Knopp sides with gun owners
Published 4:00 am Friday, January 11, 2013
Incoming state Sen. Tim Knopp and state Rep. Jason Conger appeared Thursday night before nearly 100 members of the Central Oregon Shooting Sports Association, fielding questions on gun control measures expected to surface in the Oregon Legislature.
The two Bend Republicans will both be sworn in Monday, the opening day of the legislative session.
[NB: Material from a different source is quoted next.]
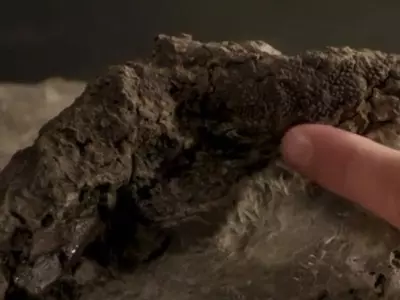Scientists Discover Dinosaur Fossil That Was Killed In The Infamous Asteroid Strike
Conger won a second term in the November election; voters returned Knopp to Salem eight years after he completed the last of his three terms in the House.
Knopp held the stage for most of the 90-minute session, and acknowledged that due to recent high-profile shootings — most notably the Dec. 14 rampage at Sandy Hook Elementary School in Connecticut — supporters of gun control are more emboldened as both the Legislature and the U.S. Congress return to work.
“The good news is locally you elected the right people last November,” Knopp said, pausing for applause. “But it takes more than just winning an election, because there are people who want to use tragedy as opportunity to take your rights.”
Knopp told the audience it will fall to gun owners to resist any gun control proposals introduced this session, and encouraged COSSA members to contact legislators and media outlets with what he called “the facts” — that gun control does not work.
“Gun control is essentially citizen control,” Knopp said. “It’s a power grab.”
State Sen. Ginny Burdick, a Southwest Portland Democrat, has already announced her intention to introduce legislation that would ban the sale of magazines that hold more than 10 rounds of ammunition. Knopp said ammunition taxes and tighter standards for the issuing of concealed carry permits may also be introduced this session.
Knopp said while he believes Central Oregon and Deschutes County are generally supportive of Second Amendment rights, much of the rest of the state is less so. He said Democrats from rural areas may be key votes on any upcoming gun control legislation, singling out state Sen. Betsy Johnson of Scapoose and state Rep. Arnie Roblan in particular.
Conger said he considers himself a strong supporter of gun rights, but volunteered his support for one piece of gun control legislation, Oregon’s law requiring criminal background checks for anyone purchasing a gun at a gun show. Oregon is one of just six states with such a requirement.
“It’s very inconvenient, it’s extremely inconvenient sometimes, but it is reasonable,” he said.
Conger also opposed the proposal made by National Rifle Association Executive Director Wayne LaPierre and other gun rights advocates for posting armed guards in every school in the country, saying he would have felt like a prisoner attending a school staffed with armed guards.
“I’m not a big fan of guns in school because we are human and we make mistakes. We drop things, we forget things, and leaving them out with young people who don’t know what they’re doing with firearms is dangerous.”
Conger and Knopp both told the audience the focus should not be on guns, but on mental health care, with Knopp calling the mental health aspect of the mass shooting phenomenon the “most important question.”
Neither man offered any proposals as to how state laws dealing with the mentally ill might be changed.